→ WHAT THE EXERCISE ASKS
Restate exactly the lines from the top of the listing below to the line containing "تیشرت مشکی طرح"; the remaining lines are not wanted.

(DATASET EXTRACT Opens)

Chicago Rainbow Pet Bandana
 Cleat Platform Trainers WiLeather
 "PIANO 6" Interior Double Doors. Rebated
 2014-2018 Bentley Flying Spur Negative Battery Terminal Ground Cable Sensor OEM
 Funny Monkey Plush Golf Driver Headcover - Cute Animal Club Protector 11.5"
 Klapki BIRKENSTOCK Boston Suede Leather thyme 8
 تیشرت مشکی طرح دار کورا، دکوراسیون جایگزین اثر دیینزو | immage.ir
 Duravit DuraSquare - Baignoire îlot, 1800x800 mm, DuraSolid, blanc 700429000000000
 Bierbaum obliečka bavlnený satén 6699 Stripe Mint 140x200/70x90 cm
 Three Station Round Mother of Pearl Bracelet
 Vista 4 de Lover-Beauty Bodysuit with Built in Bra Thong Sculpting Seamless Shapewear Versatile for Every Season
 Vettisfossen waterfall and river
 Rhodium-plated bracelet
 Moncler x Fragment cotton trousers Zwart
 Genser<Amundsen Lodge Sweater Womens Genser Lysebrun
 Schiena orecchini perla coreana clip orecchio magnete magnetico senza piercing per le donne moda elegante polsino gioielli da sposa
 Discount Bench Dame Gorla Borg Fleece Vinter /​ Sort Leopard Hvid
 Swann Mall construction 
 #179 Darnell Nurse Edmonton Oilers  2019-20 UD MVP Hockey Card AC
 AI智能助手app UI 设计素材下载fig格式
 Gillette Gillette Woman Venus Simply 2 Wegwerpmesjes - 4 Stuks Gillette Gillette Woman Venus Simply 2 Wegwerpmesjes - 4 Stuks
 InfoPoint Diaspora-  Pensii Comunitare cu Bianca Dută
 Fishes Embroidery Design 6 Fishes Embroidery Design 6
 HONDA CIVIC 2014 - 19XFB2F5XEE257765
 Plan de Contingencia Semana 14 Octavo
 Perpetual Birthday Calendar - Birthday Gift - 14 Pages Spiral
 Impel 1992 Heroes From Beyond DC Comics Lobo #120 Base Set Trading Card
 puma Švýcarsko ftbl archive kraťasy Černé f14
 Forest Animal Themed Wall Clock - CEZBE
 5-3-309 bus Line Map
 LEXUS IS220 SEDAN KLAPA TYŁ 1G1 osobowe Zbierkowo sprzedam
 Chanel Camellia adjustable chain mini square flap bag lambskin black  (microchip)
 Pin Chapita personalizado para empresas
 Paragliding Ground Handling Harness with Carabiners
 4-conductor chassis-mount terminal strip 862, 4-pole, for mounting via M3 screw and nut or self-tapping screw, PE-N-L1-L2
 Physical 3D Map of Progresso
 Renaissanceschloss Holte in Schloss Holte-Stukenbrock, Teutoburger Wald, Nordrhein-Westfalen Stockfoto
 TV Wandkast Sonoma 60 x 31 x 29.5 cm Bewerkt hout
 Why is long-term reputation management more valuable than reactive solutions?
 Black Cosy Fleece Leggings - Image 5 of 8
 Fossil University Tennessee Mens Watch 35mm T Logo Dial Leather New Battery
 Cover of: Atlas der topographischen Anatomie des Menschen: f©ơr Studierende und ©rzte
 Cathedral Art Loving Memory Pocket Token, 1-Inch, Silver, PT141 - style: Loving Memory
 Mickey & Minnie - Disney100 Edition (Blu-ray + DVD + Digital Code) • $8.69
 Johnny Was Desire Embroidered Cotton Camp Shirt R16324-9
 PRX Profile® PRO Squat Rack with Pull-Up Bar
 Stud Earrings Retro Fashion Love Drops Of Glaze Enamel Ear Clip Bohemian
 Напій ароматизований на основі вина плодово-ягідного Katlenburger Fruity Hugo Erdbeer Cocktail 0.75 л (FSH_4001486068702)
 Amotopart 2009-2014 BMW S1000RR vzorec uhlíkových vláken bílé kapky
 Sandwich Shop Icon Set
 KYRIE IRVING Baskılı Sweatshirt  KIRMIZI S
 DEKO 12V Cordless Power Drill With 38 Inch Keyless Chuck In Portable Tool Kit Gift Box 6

(DATASET EXTRACT Closes)

→ EXERCISE SOLUTION
Chicago Rainbow Pet Bandana
 Cleat Platform Trainers WiLeather
 "PIANO 6" Interior Double Doors. Rebated
 2014-2018 Bentley Flying Spur Negative Battery Terminal Ground Cable Sensor OEM
 Funny Monkey Plush Golf Driver Headcover - Cute Animal Club Protector 11.5"
 Klapki BIRKENSTOCK Boston Suede Leather thyme 8
 تیشرت مشکی طرح دار کورا، دکوراسیون جایگزین اثر دیینزو | immage.ir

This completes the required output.